Pennsylvania's bow season will open Saturday, Oct. 5, and conclude Saturday, Nov. 16. The six-week season will run concurrently at times with two other deer seasons.
Antler restriction regulations will vary throughout the state. In a 10-county area of western Pennsylvania, hunters may shoot only bucks that have at least four points on one antler. In all other counties - except in special regulations area counties - hunters are limited to shooting bucks that have at least three points on one antler.
All hunters in the state's six special regulations area counties -- Allegheny, Bucks, Chester, Delaware, Montgomery and Philadelphia -- may still harvest bucks that have at least one three-inch spike or an antler with two or more points. In addition, statewide, junior license holders, disabled hunters with a permit to use a vehicle, and Pennsylvania residents on active-duty in the U.S. Armed Forces, may still harvest bucks that have at least one three-inch spike or an antler with two or more points.
"These regulatory changes have been made to improve the state's deer breeding ecology and increase the number and size of bucks in the herd," said Vern Ross, Game Commission executive director. "By increasing the number of antler points required for a buck to be legal, we will protect a significant percentage of younger bucks. As a result, hunters next year should begin to see more and larger bucks than they have ever seen before."
Dr. Gary Alt, Game Commission Deer Management Section supervisor, said the new antler regulations will surely influence hunter success rates and the way many Pennsylvanians hunt.

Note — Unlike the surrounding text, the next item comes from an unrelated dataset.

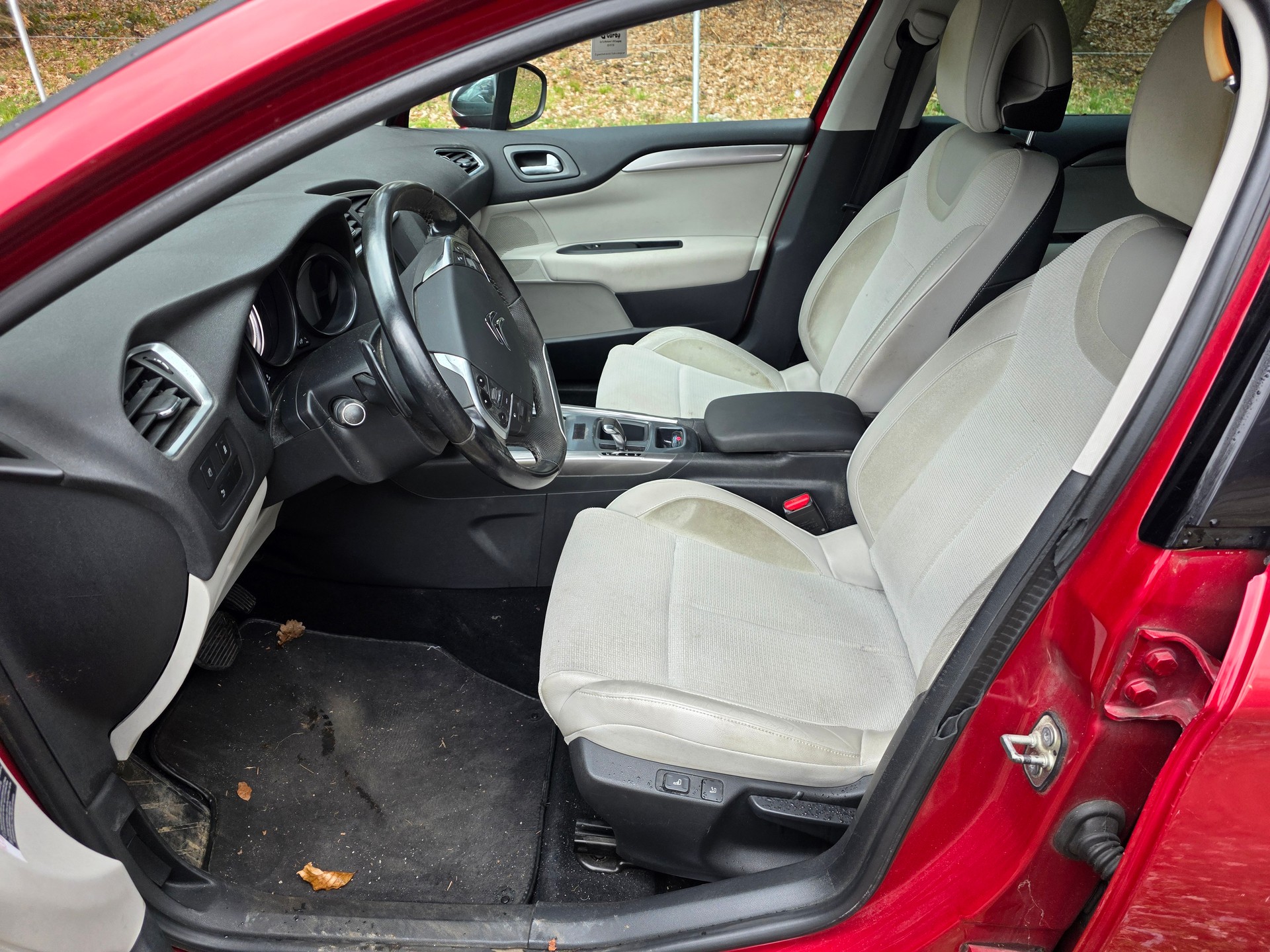 CITROEN C4 Berline 1.6 THP Séduction EGS6-image-13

"There's no denying that it will take some hunters time to adjust to the new restrictions," Alt said. "Shooting at an antlered buck won't be as automatic a decision as it used to be. Last year, about one in five hunters shot a buck in our state. This year, buck hunter success rates will be lower but doe hunter success rates should increase. In the long run, Pennsylvania, its deer herd and deer hunting will be better for it.
"Antler restrictions are only a part of the Game Commission's approach to remedying the long-standing problems that have plagued Pennsylvania's deer management program. Other parts of the package, which include concurrent buck-doe hunting and increased early-season hunting opportunities, are designed to address overpopulation problems in many areas of the state."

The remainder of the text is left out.